Nothing would seem more natural than for the Americans cage fight spectators so cruelly captured in all their snarling, pitbull splendour by Sacha Baron Cohen in Bruno to finish their evening out with a spot of line dancing.
But then I am clearly heaping unfairness on injustice. I may well be the only person in the world on whom the charm of line dancing is simply lost.
Even so, I was slightly taken aback on wandering into the Oxfam shop in Ealing, west London to find, nestling between a work on Soweto and another presenting Michael Light's 128 images of the Moon, an entire book devoted to this strange source of human pleasure.
At £1.99, my duty to research, and to the charitable interests of Oxfam, probably required me to dig a couple of pound coins out of my pocket there and then. My excuse is as lame as the dance: I was in the shop because my younger daughter had decided on the spur of the moment to buy me a book of my choice (I plumped for Bill Bryson's A Short History of Nearly Everything in an attempt to compensate for all those hours wasted in science lessons), and ducked out of making any purchases of my own.
So I remain in ignorance of all there is to say on the subject.
Regulars at Salut! may know that I am not very fond of dancing at all.

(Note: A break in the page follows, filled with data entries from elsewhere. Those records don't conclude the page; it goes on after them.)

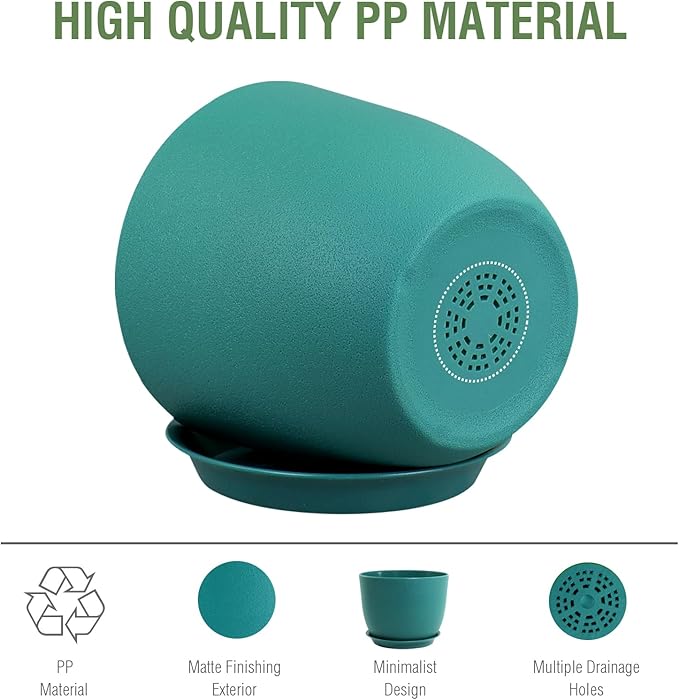 Plant Pots 12 inch, Plastic Planters - Image 3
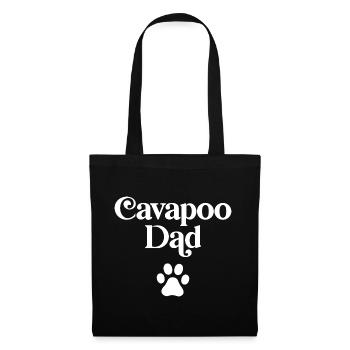 Papa Cavapoo - Sac en tissu - noir - Devant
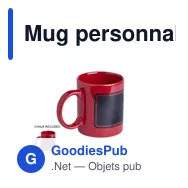 Mug personnalisable avec logo pour entreprises - Tasse Dariel - Miniature 1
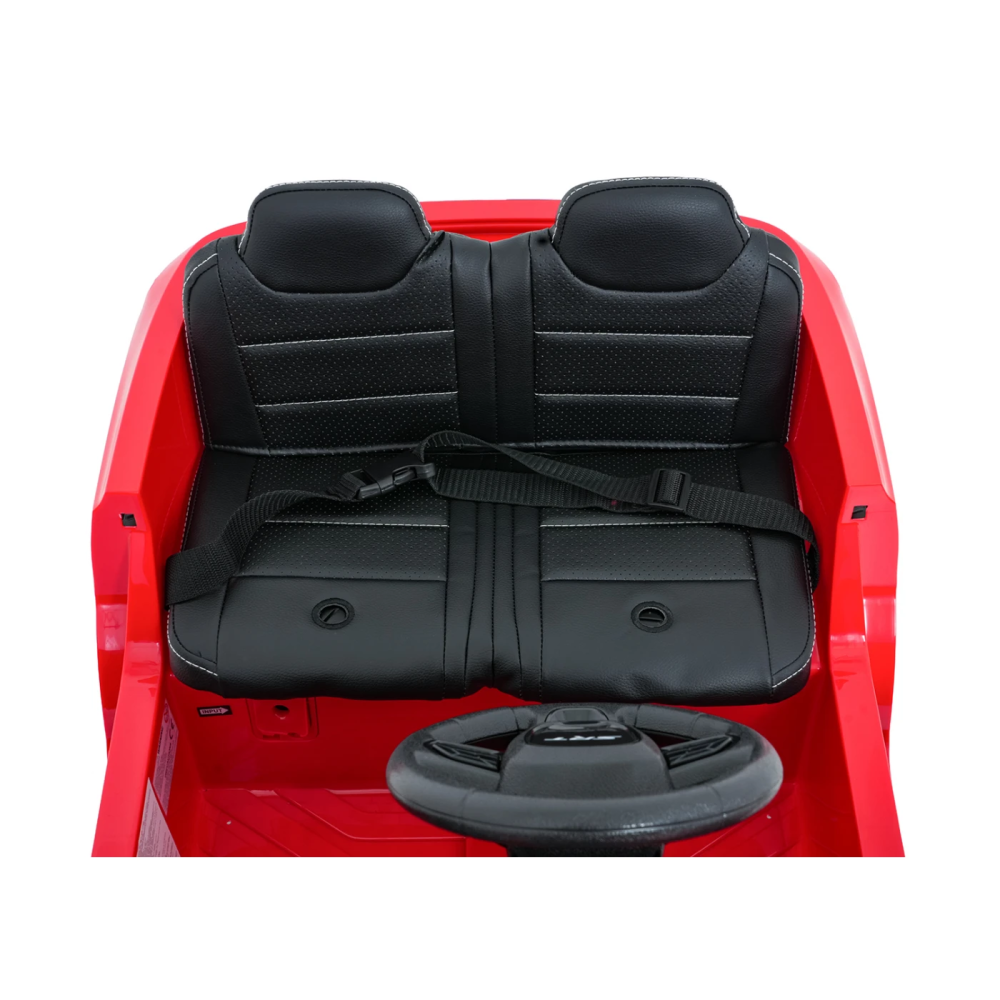 JOKO Elektrické autíčko Dodge Durango, penové kolesá, kožené sedadlo, červené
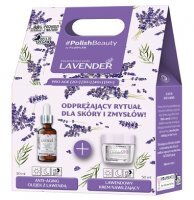 Flos-Lek Laboratorium, Lavender, lawendowy krem nawilżający, 50ml + olejek z lawendą, 30ml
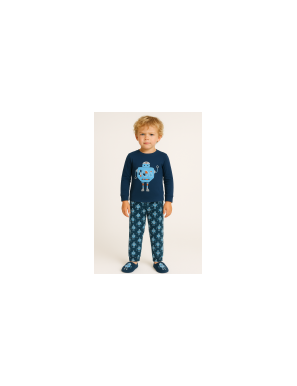 TEXT PIJAMA INFANTIL NIÑO ROBOT TALLA 2/4 UD
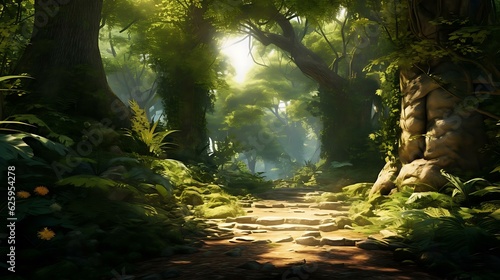 a path through a forest © KWY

I get up, nobly overcoming natural resistance, and make the odd attempt at jiving or what my daughters have been heard to call "dad dancing". But I cannot pretend to enjoy it. It helps a lot if I like the music that is playing, but my tastes in pop are narrow and tend to be poorly catered for by many DJs.
My first encounter with line dancing was getting on for 20 years ago at a Butlin's holiday camp in southern England where, for some reason, a folk festival was being held. Yes, I know that removes all legitimacy from my complaint, but I felt a pressing need to explain why I was there.
It was certainly not my intention to take in the Wild West festival that was being run simultaneously on the same site. Car workers from the Midlands, I was told, were prominent among the festival goers and all were decked out in their best cowboy (and cowgirl) gear.
None of the restaurants was hugely appealing, but the steak bar seemed harmless. Inside, the dining area was separated from a dance floor by a low panelled partition. I could therefore see all these Brummies, resplendent in their stetsons and studded leather outfits, arranged in lines and doing that silly little quarter-turn jump at the end of each sequence of steps.
And because I couldn't see their feet, the jump, preceded by some modest to-ing and fro-ing, was the only movement visible. It took considerable restraint to avoid laughing out loud (though I am not sure the British Leyland conveyor belt team would have suppressed their own chortles at the choruses of The Spanish Lady or Whiskey in the Jar).
In one bar on the seafront in Le Lavandou, the foot action is there for all to see. Here, and for all I know elsewhere, the dance is called Le Madison. And the sighs that greet each announcement by the sailor-suited DJ that he's about to play the Gigolo or Singing in the Rain, both considered suited to the dance, bear witness to its popularity. In fact, one English resident of France wrote recently that it was not until she joined Madison sessions in her village that she was able to make friends.
At another of the promenade bars, it is possible to switch off mentally from the entertainment and instead follow the televised sports - and believe me, this is true - of lorry-pulling and racing with heavy sacks of ice on the back.
With sailor boy, there is no such distraction, no such escape. But hang on a minute. I've just thought of a welcome side effect.
While I rise with as much enthusiasm as can be mustered for le rock 'n' roll, I have been allowed to maintain unchallenged the strongly asserted position that never in the time that remains to me on earth shall I be found taking part in line dancing, whatever name it goes by.
And since our singing mariner chooses tracks galore for aficionados of Le Madison, that leaves me plenty of opportunity to sit out the dancing without further explanation.